I encountered similar issues developing a $3K plug and play robot research arm in the past. The economics are awkward. You can actually just spend $5K and get a really good second-hand industrial robot (maybe even first-hand now from China). Or you could spend $500 and get a 6 DOF platform at least as good as your current platform's arm and then buy the sensor separately and bolt it to your workspace - bam, done. And no, the software isn't that important, servos are easy to work with...

Therefore my 'in between platform' was stuck in a hard place. I made some one-off sales, but never really scaled the business, which is what would be needed for any fancy "we're the platform where people do AI" vision to manifest to investors. Hardware is tough - they'll see your numbers and easily pass. They'll realize you need sales in quantity to get anywhere meaningful otherwise.

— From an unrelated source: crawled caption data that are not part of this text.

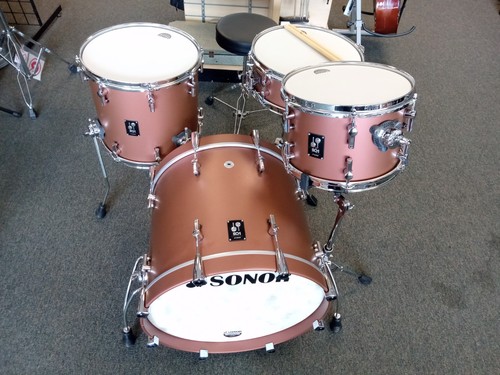 Sonor sq1 piece drum - 4,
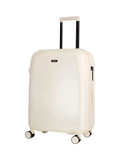 Rock Gelato 8-Wheel 65cm Medium Suitcase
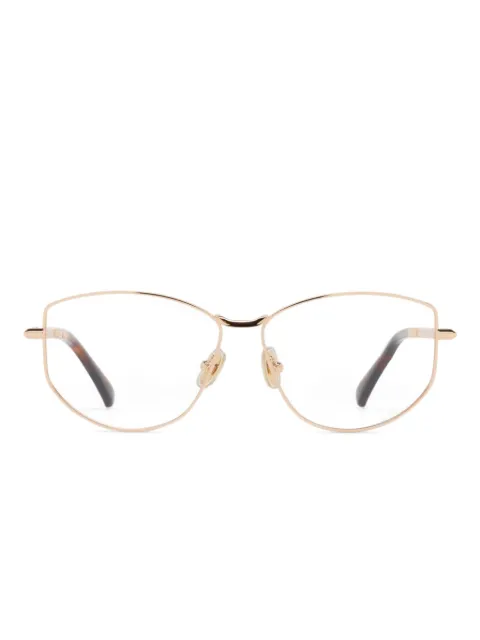 Max Mara Eyewear cat-eye glasses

So I wanted to share criticisms and my experience so you can look ahead to likely challenges and hopefully get further. Best of luck.

Absolutely, the link I sent you has these specs you mentioned listed.

And yeah, I agree this mid-market is indeed tough, but this is the upper price I was looking for when I started with my AI background and bought a similar-price turtlebot then struggled to put a cheap arm on it. Anything under this is really bad for algorithms, although you can reduce it with just the arm and clamping it to your workspace as you suggested but then you don't have mobility.

I will keep your comment in mind, and thank you for the thoughtfulness. You might be interested to know that we intend to show something bigger not long from now. But this is, as you said, more for investors.

For now I'm content if there's enough people that want this one

> Payload: 250mg at maximum extension

Did you mean 250gr? Otherwise, what is this? A robot arm for ants?

Oh yeah, my bad, thanks for noticing

>Why would I not go for this guy for $1600, and attach an arm? https://www.unitree.com/go2

Quasi-Lego-style robo dog for RPi is $100-150 on AMZN

The kind of person who would buy this doesn’t care whether it’s $2000 or $5000 probably. They care more about whether it actually exists and will arrive. Complaining about price, especially for something so niche, is useless feedback if you’re not actually in the market for one.